Thursday 17 October 2019

9 of the Best Investment Jokes – ThinkAdvisor



1. If only it was that easy…

Question: What’s the best way to make a small fortune in the stock market?

Answer: Start off with a big fortune.

Source: Laffgaff.com (Photo: Shutterstock)

2. An investing analogy

Wanting to make money in the stock market without accepting there will be losses is like waiting to breathe but only wishing to exhale.

Source: Greekshares.com (Photo: Shutterstock)

3. Love and marriage go together like …

Roy was a single guy, living at home with his father and working in the family business. When he found out he was going to inherit a fortune when his sickly father died, he decided he needed a wife with which to share his fortune.

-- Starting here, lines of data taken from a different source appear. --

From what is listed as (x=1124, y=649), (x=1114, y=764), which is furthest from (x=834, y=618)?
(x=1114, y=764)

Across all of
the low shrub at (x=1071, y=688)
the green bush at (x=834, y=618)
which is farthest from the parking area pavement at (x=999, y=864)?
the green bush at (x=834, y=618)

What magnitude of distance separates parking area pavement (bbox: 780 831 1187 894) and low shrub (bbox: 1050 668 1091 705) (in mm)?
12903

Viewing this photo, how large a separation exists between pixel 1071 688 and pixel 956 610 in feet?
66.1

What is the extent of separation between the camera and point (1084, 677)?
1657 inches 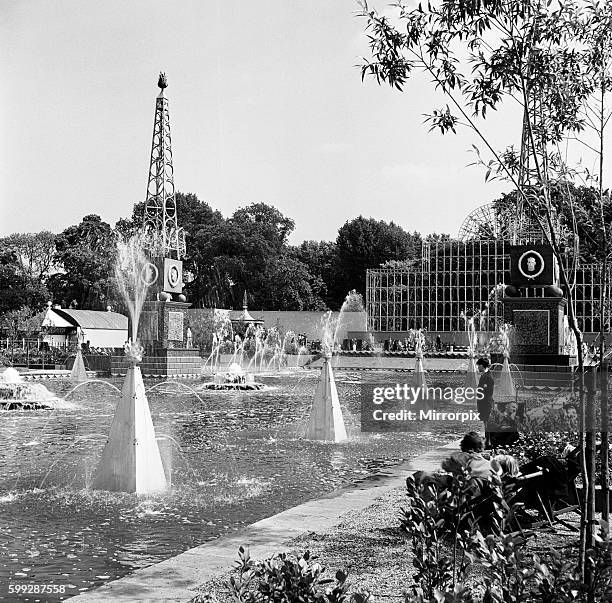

One evening at an investment meeting, he spotted the most beautiful woman he had ever seen.

“I may look like just an ordinary man,” he said to her, but in just a few years, my father will die, and I’ll inherit $200 million.”

Impressed, the woman obtained his business card and three weeks later, she became his stepmother.

Source: AIO Financial (Photo: Shutterstock)

4. In God We Trust

The most successful investor was Noah. He floated stock, while everything around him went into liquidation.

The most successful female investor was Pharaoh’s daughter. She went to the Nile bank and floated a prophet.

A long-term investment is a short-term investment that failed.

The market is weird. Every time one guy sells, another one buys, and they both think they’re smart.

Source: Progress-to-financial-freedom.com (Photo: Shutterstock)

5. Is investing about percentages?

Question: Where should I invest my money?

Answer: Put it in booze. Where else would you get 40 percent?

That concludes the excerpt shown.